Machine Learning Models
NBA is an extremely dynamic game with many attributes, and using any one model may not be promising enough. We therefore proposed to use a deep learning algorithm for this project. Deep learning is a subset of machine learning and is generally being used to teach machines to identify patterns or classify information.
We developed our machine learning model with two predictive models:
- To predict the MOV (scores difference between home and away team), we treated it as a regression problem. We modeled the MOV as a function of the inputs (players’ logs of the NBA games) and trained the neural network to predict the MOV. When the MOV is positive, it implies that the home team is likely to win.
- To predict which team is going to win, we classified the NBA game as a home team winning or losing to forecast the winner of a game with great confidence. This model will output a probabilistic distribution of whether a game belongs to a category of the home team winning or losing the game.
- Different from regression where the output is a linear activation function, a softmax function, in classification, will be used as the output of the network. This is done so that it is able to provide a normalized vector of the probabilistic distribution of different classes.
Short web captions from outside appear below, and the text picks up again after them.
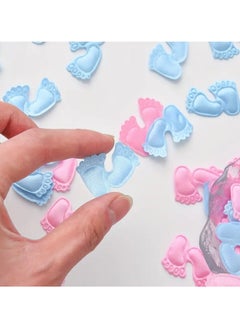Just Quality 100pcs, Gender Reveal Decoration Little Feet Birthday Party Decoration Supplies Gender Reveal Table Decor Confetti  - Image 2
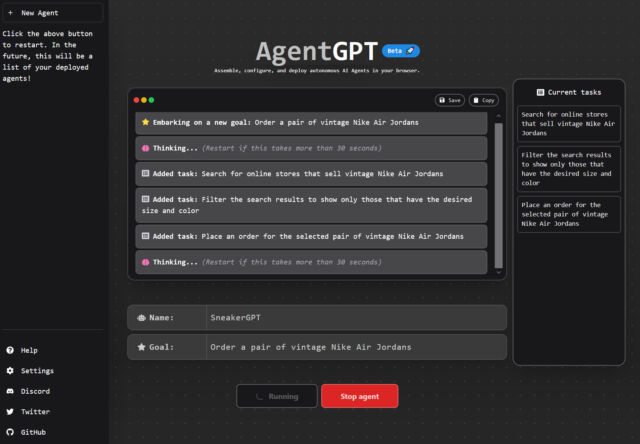 A screenshot of AgentGPT, based on Auto-GPT, running a task to try to buy a vintage pair of Air Jordan shoes.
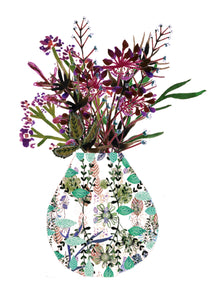 Bouquet de Mary - vase blanc et bleu turquoise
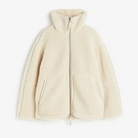 Damen Teddy Jacke Beige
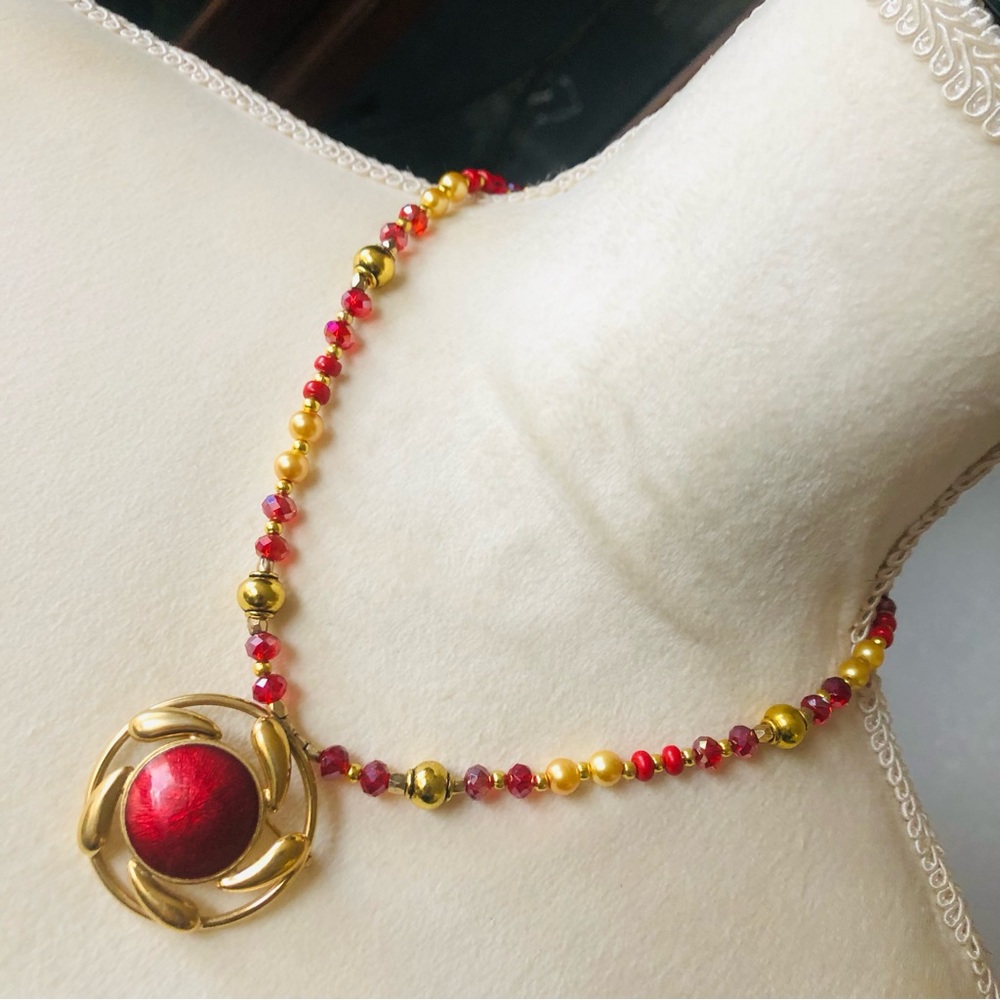 Handcrafted repurpose red swirl pendant Czech glass Pearl necklace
For both models, they share the same RNN for player strength encoding. RNN is a type of neural network designed to model sequential data including text and stock price. We treated the players’ logs as time series data that can be inputted to the RNN cell. To overcome the vanishing and exploding gradient problem, we used long short-term memory (LSTM) cell instead of a generic RNN cell.
We tested window sizes ranging from 1 to 200 for the optimal window size. Furthermore, the model accuracy is also tested with data from 2017.
We built a network map which shows 26 players’ logs passing through the RNN with weights shared among all the inputs. Three LSTM cells are used in the RNN and the output is a vector of 256-dimension. The output vectors are then concatenated together and fed to a fully connected network of three layers with 1024 nodes each.
Explaining the Prediction Result
Explanation is important for validating that the predictions are not just some numbers made with a blind guess. However, explaining prediction results is somehow difficult.
“Black Box” is considered a common problem of deep learning algorithms (deep learning is a subset of machine learning). Simply put, deep learning creates its own understanding of the hierarchical architecture of neurons. Therefore, it is difficult to inspect how deep learning algorithms analyzed the data and accomplished the assigned task. To overcome the black box problem, SHAP, a general framework to interpret machine learning models by visualization, is a possible solution.
By applying this framework, we are able to quantify the contribution of each input parameter to the prediction result with an activation heat map. Then we can analyse the activation heat map to figure out the most critical parameter.